How can an electron be both a particle and a wave?

Asked by: Charlie Simmons, Los Altos Hills, California


An electron is a tiny, negatively charged particle that whizzes round the atomic nucleus. That’s been clear since its discovery by the British physicist J. J. Thomson in 1897. But 30 years later, his son George made a discovery. Sending electrons through a thin film of metal, he found that they created an interference pattern – just as if they were waves, not particles. Like his father, George won a Nobel Prize for his work, but this ‘wave-particle duality’ – shown by all particles, including photons of light – still provokes arguments.

There are two schools of thought. One: particles change their nature depending on what happens to them. In some experiments, they become wave-like, in others particle-like.
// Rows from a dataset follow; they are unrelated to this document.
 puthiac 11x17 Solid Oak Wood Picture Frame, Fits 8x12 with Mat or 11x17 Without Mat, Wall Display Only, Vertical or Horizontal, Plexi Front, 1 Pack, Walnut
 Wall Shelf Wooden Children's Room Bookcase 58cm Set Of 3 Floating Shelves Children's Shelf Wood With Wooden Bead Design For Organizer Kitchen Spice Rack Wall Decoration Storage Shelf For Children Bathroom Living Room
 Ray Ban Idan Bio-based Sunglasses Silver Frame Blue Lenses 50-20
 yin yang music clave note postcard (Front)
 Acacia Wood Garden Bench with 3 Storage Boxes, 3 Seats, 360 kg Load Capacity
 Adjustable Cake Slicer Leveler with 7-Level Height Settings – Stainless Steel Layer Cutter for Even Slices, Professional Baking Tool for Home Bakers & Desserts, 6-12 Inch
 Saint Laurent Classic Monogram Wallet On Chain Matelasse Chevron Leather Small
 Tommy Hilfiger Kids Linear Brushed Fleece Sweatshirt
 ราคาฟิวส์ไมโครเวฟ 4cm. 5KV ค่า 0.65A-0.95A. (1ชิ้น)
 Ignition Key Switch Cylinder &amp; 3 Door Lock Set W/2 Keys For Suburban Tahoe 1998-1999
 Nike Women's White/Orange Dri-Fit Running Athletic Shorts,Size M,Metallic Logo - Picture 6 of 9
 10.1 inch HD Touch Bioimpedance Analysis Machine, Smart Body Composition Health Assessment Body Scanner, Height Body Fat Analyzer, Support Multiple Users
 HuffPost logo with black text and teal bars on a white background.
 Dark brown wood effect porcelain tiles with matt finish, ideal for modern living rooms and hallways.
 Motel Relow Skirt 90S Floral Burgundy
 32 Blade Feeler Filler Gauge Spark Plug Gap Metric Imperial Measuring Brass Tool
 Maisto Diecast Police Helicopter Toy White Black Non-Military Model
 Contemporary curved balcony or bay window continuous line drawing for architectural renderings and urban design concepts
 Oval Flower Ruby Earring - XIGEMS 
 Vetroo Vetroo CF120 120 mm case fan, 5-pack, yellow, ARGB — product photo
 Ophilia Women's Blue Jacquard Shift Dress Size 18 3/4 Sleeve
Two: they’re weird things that always have a mix of both wave- and particle-like traits, but only reveal their wave-like aspects in some experiments, and their particle-like aspects in others.

So which is it? In 2012, two teams of researchers – one in France, the other in England – independently published the outcome of experiments capable of deciding between the two possibilities. Put simply, they let photons enter a device that would reveal their wave-like or particle-like nature – but the researchers could switch which of the photons’ traits were probed.

The results were consistent with the weirdest possibility: that they are both waves and particles all the time, and don’t just change from being one to the other depending on what’s done to them. Mindboggling – which is why many theorists suggest not thinking of electrons, photons and the like in everyday terms. Ultimately, they’re members of the quantum world, and unlike anything familiar.